Tot igitur annos versatus in foro sine suspicione, sine infamia studuit Catilinae iterum petenti. Quem ergo ad finem putas custodiendam illam aetatem fuisse? Nobis quidem olim annus erat unus ad cohibendum brachium toga constitutus, et ut exercitatione ludoque campestri tunicati uteremur, eademque erat, si statim mereri stipendia coeperamus, castrensis ratio ac militaris. Qua in aetate nisi qui se ipse sua gravitate et castimonia et cum disciplina domestica, tum etiam naturali quodam bono defenderet, quoquo modo a suis custoditus esset, tamen infamiam veram effugere non poterat.
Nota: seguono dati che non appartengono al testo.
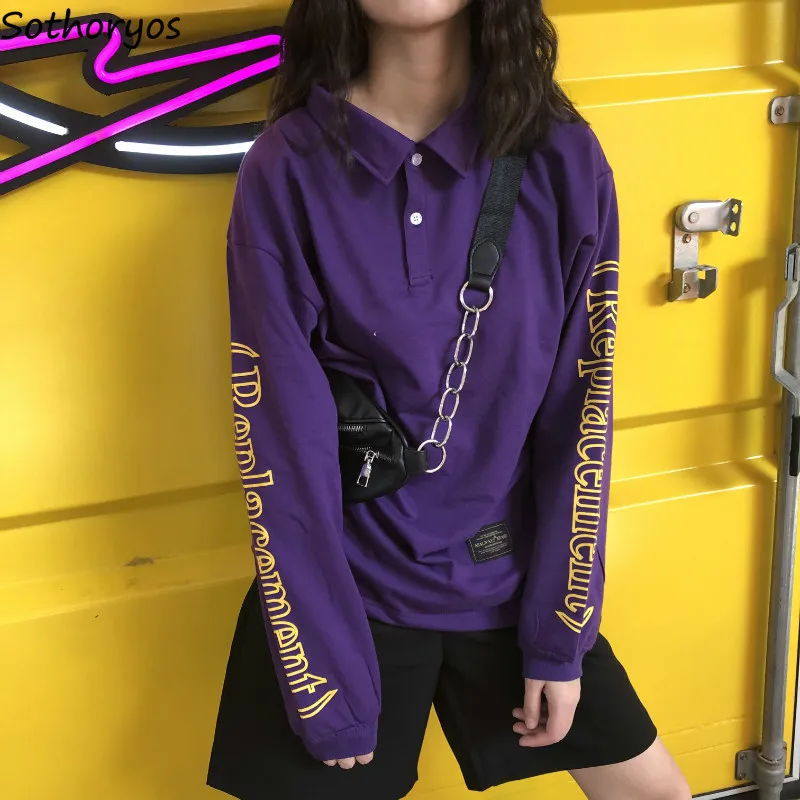 Hoodies Women Letter Printed O-Neck Loose Thin BF Harajuku Pullovers Womens Cotton Long Sleeve Trendy Korean Style Students Chic
Hoodies Women Letter Printed O-Neck Loose Thin BF Harajuku Pullovers Womens Cotton Long Sleeve Trendy Korean Style Students Chic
Sed qui prima illa initia aetatis integra atque inviolata praestitisset, de eius fama ac pudicitia, cum is iam se corroboravisset ac vir inter viros esset, nemo loquebatur.

Traduzione all'italiano


Essendosi aggirato così tanti anni nel foro senza sospetto, senza infamia, si appassionò a Catilina che nuovamente aspirava al consolato. Dunque, fino a che punto pensi che la sua età debba essere vigilata? Certamente ci fu un tempo nel quale era a noi prescritto per un solo anno di coprire il braccio con la toga , e affinchè vestiti della tunica praticassimo esercitazioni e il gioco del campo, e c’era la stessa regola militare e relativa all’accampamento, se subito se cominciavamo ad ottenere benefici. In questa età se qualcuno con la propria serietà e riservatezza, con l’educazione domestica, e con una bontà naturale non si fosse saputo difendere, in qualunque modo fosse stato sorvegliato dai suoi, tuttavia non avrebbe potuto fuggire un’infamia meritata. Ma chi avesse conservati integri e immacolati quei primi inizi della giovinezza, riguardo la sua fama e pudicizia, quando egli si fosse ormai rafforzato e fosse uomo fra gli uomini, nessuno avrebbe sparlato.